──────── INPUT FOR THIS TASK

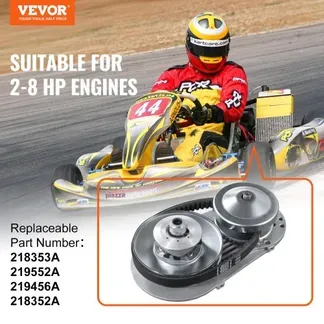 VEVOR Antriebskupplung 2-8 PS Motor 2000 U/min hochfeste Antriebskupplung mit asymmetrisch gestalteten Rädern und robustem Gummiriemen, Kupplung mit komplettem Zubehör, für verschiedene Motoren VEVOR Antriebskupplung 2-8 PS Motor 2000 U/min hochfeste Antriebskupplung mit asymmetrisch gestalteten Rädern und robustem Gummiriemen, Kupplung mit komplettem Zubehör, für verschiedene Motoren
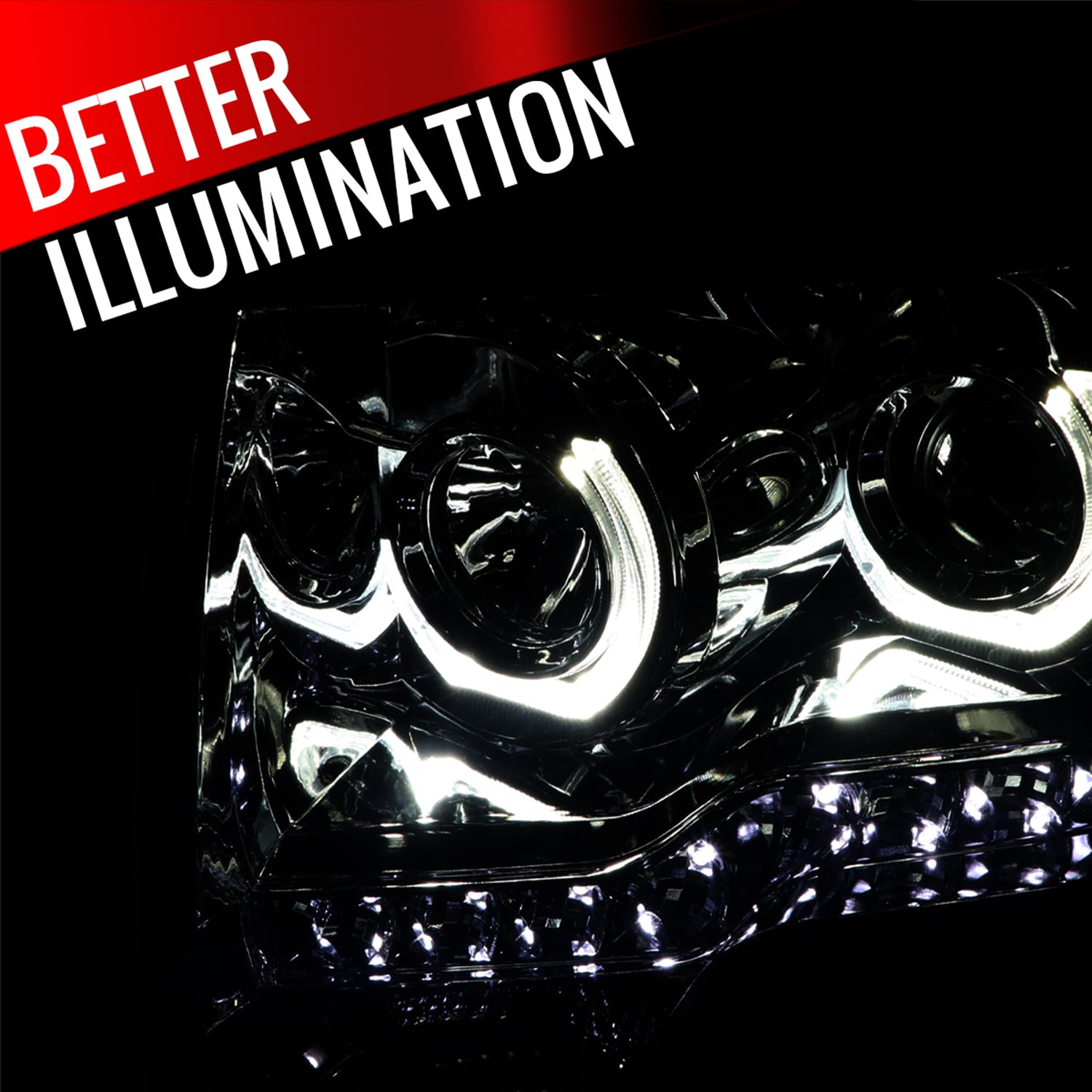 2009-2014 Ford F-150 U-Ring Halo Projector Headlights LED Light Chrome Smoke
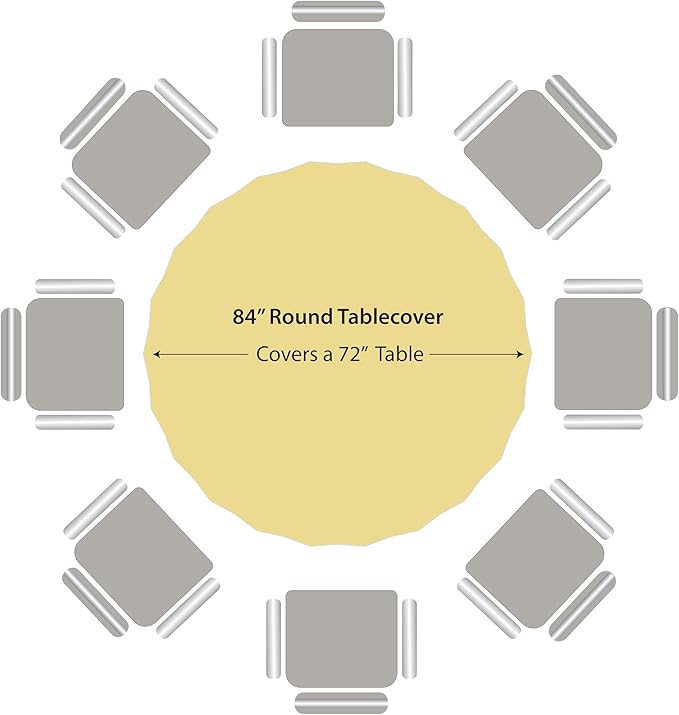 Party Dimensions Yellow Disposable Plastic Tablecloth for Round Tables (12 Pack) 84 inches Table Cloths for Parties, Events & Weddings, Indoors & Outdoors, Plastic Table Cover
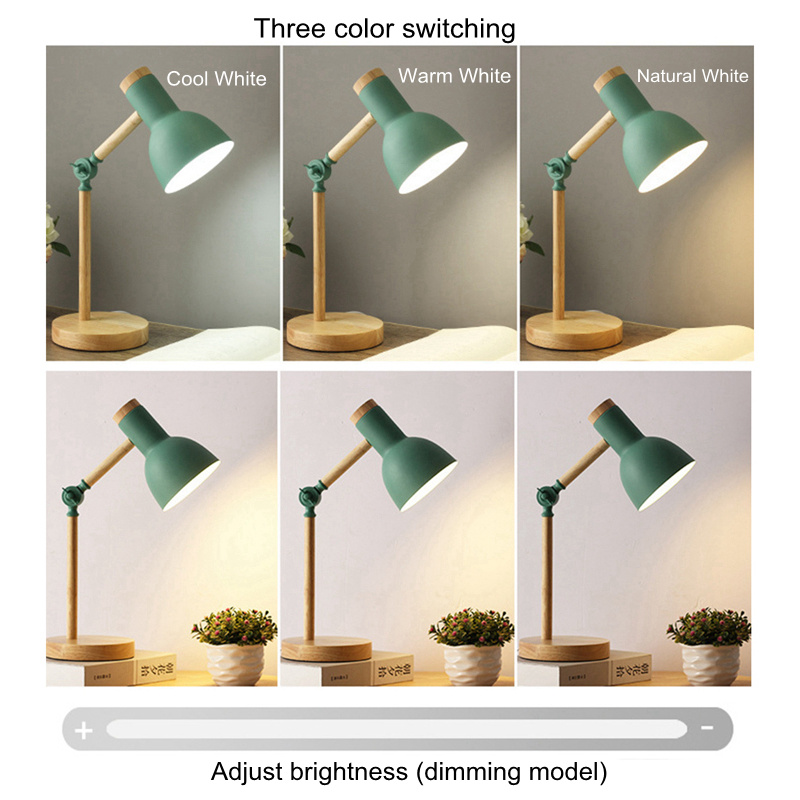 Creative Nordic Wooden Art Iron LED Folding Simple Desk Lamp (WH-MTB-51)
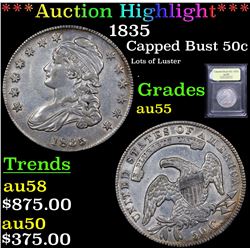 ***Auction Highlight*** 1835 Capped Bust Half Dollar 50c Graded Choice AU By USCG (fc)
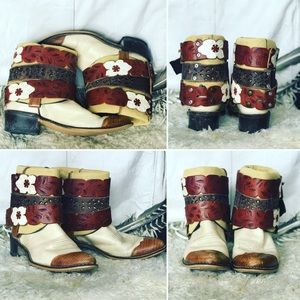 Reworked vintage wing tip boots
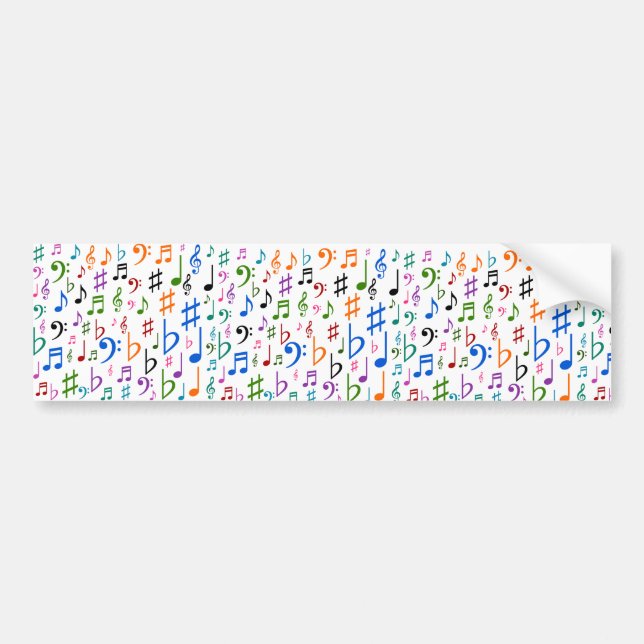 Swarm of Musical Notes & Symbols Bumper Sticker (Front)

────────────────
──────── INPUT FOR THIS TASK

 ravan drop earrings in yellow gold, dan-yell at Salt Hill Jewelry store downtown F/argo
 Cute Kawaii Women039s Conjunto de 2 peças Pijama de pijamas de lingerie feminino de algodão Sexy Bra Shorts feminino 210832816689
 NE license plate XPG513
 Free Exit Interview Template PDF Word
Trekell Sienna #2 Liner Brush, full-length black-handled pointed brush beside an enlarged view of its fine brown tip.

────────────────
──────── INPUT FOR THIS TASK

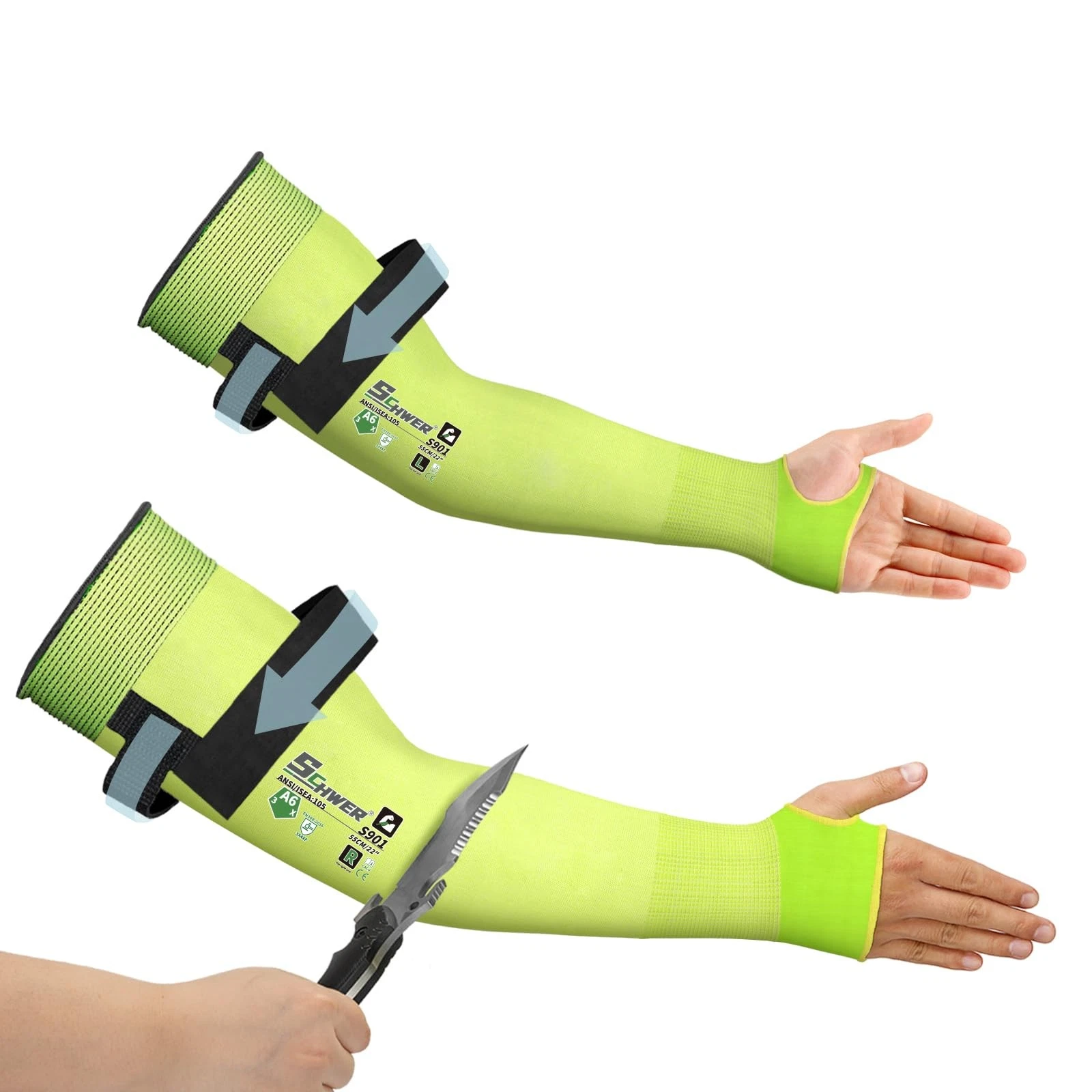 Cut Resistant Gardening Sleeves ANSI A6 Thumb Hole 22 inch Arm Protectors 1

────────────────

Retype the records above, but only those lines that fall between the line containing "Free Exit Interview Template PDF Word" and the line containing "Trekell Sienna #2", with both of those lines included, exactly as written.

WRITTEN SOLUTION
 Free Exit Interview Template PDF Word
Trekell Sienna #2 Liner Brush, full-length black-handled pointed brush beside an enlarged view of its fine brown tip.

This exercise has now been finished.